3. Figure out what is supportive for you and ask for it. This is obviously linked to #2. One thing I’ve been trying to work on in my life is making less assumptions about what my loved ones need when they tell me that they’re going through a hard time. Assumptions can be dangerous and unhelpful. Because I was struggling with getting a bunch of little tasks done, I asked my friend Barbara if she would come over and just hang out and work at my place while I tried to check some of those things off of the list. Just having another person around provided me with a feeling of safety and comfort and made those seemingly unmanageable tasks manageable. Because one of my anxiety narratives is feeling alone, I asked my BFF if she would come and have a sleepover with me.

4. Read this blog post about feeling flashbacks that my pal Barbara (who also happens to be a life coach and emotional wellness professional) wrote. Barbara describes a feeling flashback as follows:

Our minds and bodies are powerful memory keepers, and can recreate an experience from decades ago in our present moment. However, sometimes we are transported not to a full memory but just to the feeling it once created in us. This is called an implicit flashback or more simply a feeling flashback. It’s the experience of being emotionally transported to a feeling that is outside of our current context. Because we can be brought back to almost any feeling, the experience can be anywhere on the spectrum from exhilarating to devastating.

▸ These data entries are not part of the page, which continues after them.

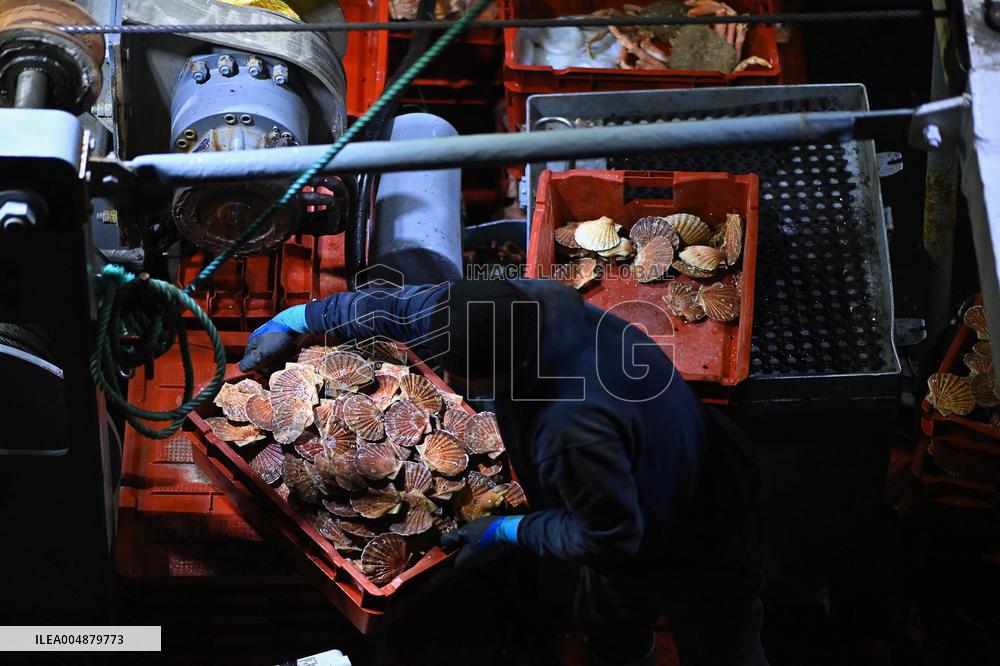 Return From Scallop Fishing - Port-En-Bessin. FC
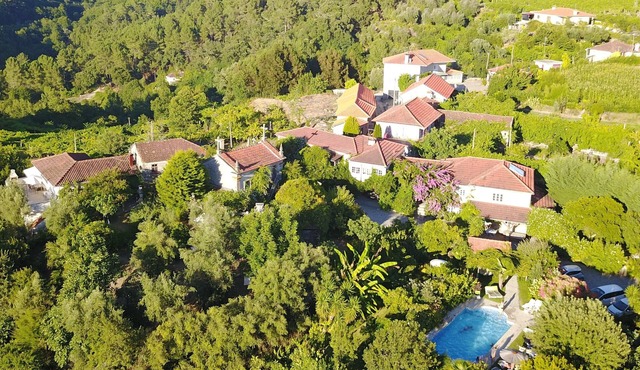 QUINTA DE RIBAS - LES OLIVIERS - QUIET GITE SURROUNDED BY GREENERY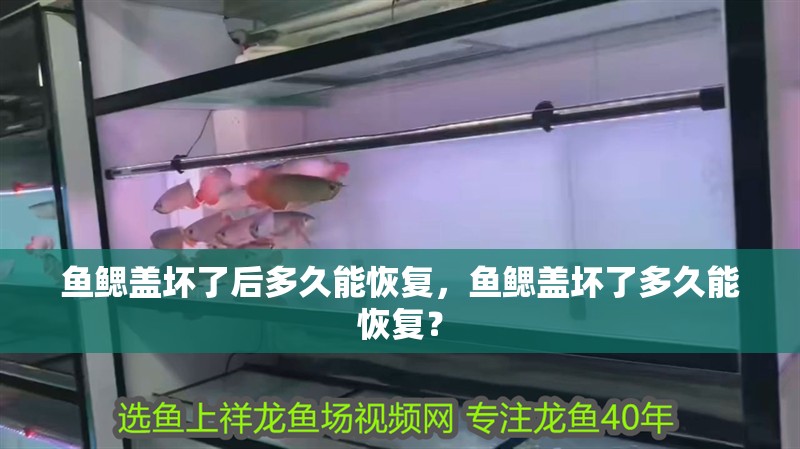 魚(yú)鰓蓋壞了后多久能恢復(fù)，魚(yú)鰓蓋壞了多久能恢復(fù)？
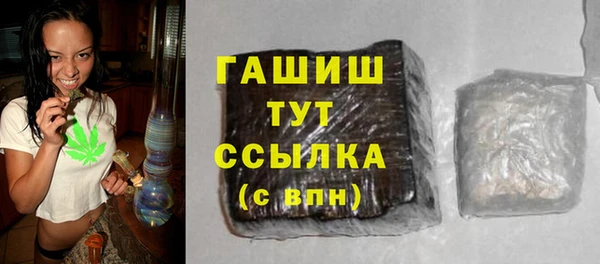 хмурый Аркадак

She goes on to offer 4 questions that you can ask yourself when a feeling doesn’t feel like it matches with the context of your life. Sometimes when I’m feeling super anxious it’s helpful to ground myself by asking some important questions about my current feeling state. Asking questions is a way to promote curiosity instead of frustration.

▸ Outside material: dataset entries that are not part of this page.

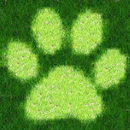 Animal Sports Sound Board APK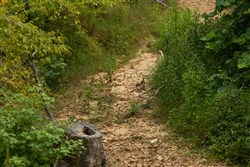 Big White Oak Tract 132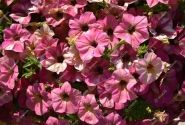 Petunia atkinsiana Tea Flamingo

5. Find affirmations that are meaningful and offer yourself daily (even hourly) reminders of those affirmations. The affirmation that I’ve found the most supportive recently is “it’s okay if it’s not okay.” I went onto etsy and searched that phrase and found this little flag that is now up in my bedroom:


I decided to take this reminder a step further, and on a day where my anxiety was feeling more manageable, I went into my local tattoo shop, Pearl Harbor, and got Elissa Veinot to put this little friend on my calf:


Sometimes the only thing we can do is acknowledge that shit isn’t okay and try to not beat ourselves up about it. I hope that you can take this image of my little skunk friend and its gentle message with you when you’re feeling anxious.